You know what they say about liars? They make great salesman. No morals, no guilty conscience, they just make the sale and that’s that. I once fell prey to such a scumbag salesman. He spotted me at a karting circuit in town. Now this was my first time in a go-kart. I was visibly thrilled after my first run around the track and by lap four I was high! Perfect timing then, the salesman approached me and told me I had a great future ahead of me in motorsport. He apparently, was in charge of registrations for the JK Tyre National Karting Championship and thought I should try out. All I had to do was shell out Rs. 1000 towards registration. I was 10 years old – which is another way of saying I dressed the way my mother wanted me to dress and had no money of my own. I begged my father and got him to shell out the money. Based on the eventual outcome, I’d say my father got mugged that night. The salesman thanked us for our time and advised me to dress lightly for qualifying. My mother took this to mean “wear skimpy shorts and canvas shoes.” 

I finally get to the race-track. I’m in the under 13 category. Each driver gets three laps and the fastest lap is considered. Then they’re ranked by lap-times and the top 6 go through to the final race. The winner makes it to nationals. Now this may come as a shock to you, but apparently you need training to drive well on a race-track. All the other kids next to me knew it and were properly trained. Quite predictably I finished last out of 16 racers. My first taste of real failure? – Yes. Was I devastated? – NO! I had the time of my life on the track in what was only my second time karting. I enjoyed watching the others kids set the track on fire as well.
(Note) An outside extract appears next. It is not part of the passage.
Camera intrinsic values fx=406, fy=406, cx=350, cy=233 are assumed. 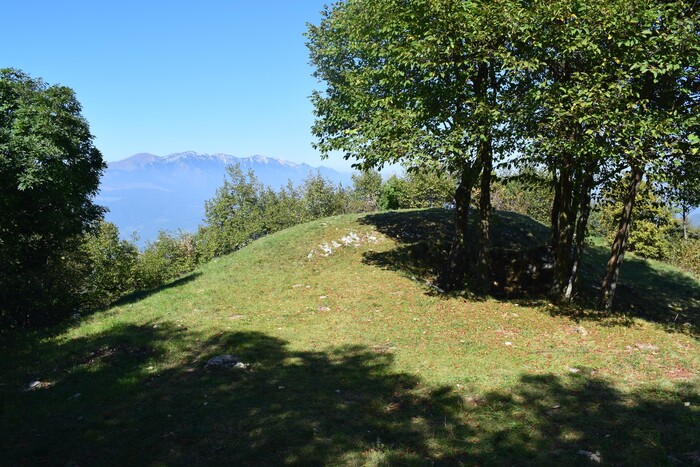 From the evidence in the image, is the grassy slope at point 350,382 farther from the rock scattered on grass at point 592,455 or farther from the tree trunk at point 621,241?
the tree trunk at point 621,241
Why am I telling you all this? Well, to tell you how awesome motorsport is. The kids I enjoyed watching drove at speeds of 55 kmph. Come the 30th of October, Vettel, Alonso and company will set the Buddh International Circuit on fire at speeds well over 300 kmph! And what a circuit it is! A 5.14 Km track spread over 875 acres surrounded by an arena that seats 1,10,000 people with provisions to expand to a capacity of 2,00,000! WHOA! It is expected to be one of the quickest race-tracks around. It features a promising 1.5 km straight where cars are expected to touch 320kmph! Shouldn’t be a problem for those awesome 2.4L V8 engines! If you think 2.4L is measly because it’s what you get with a Honda Accord then think again. The kerb weight of an F1 car is about a third of the weight of an Accord. And an Accord redlines at 6800 RPM whereas an F1 car redlines at 18,000 RPM. Yeah 3 zeroes after 18!
The Buddh International Circuit was constructed by Jaypee Group and designed by Hermann Tilke who designed several other circuits including Sepang, Yas Marina, Istanbul, Valencia and Shanghai. In honour of the upcoming Indian Grand Prix, I wanted to introduce newbie race fans to the awesome world of Formula 1. So let me take you back to school. 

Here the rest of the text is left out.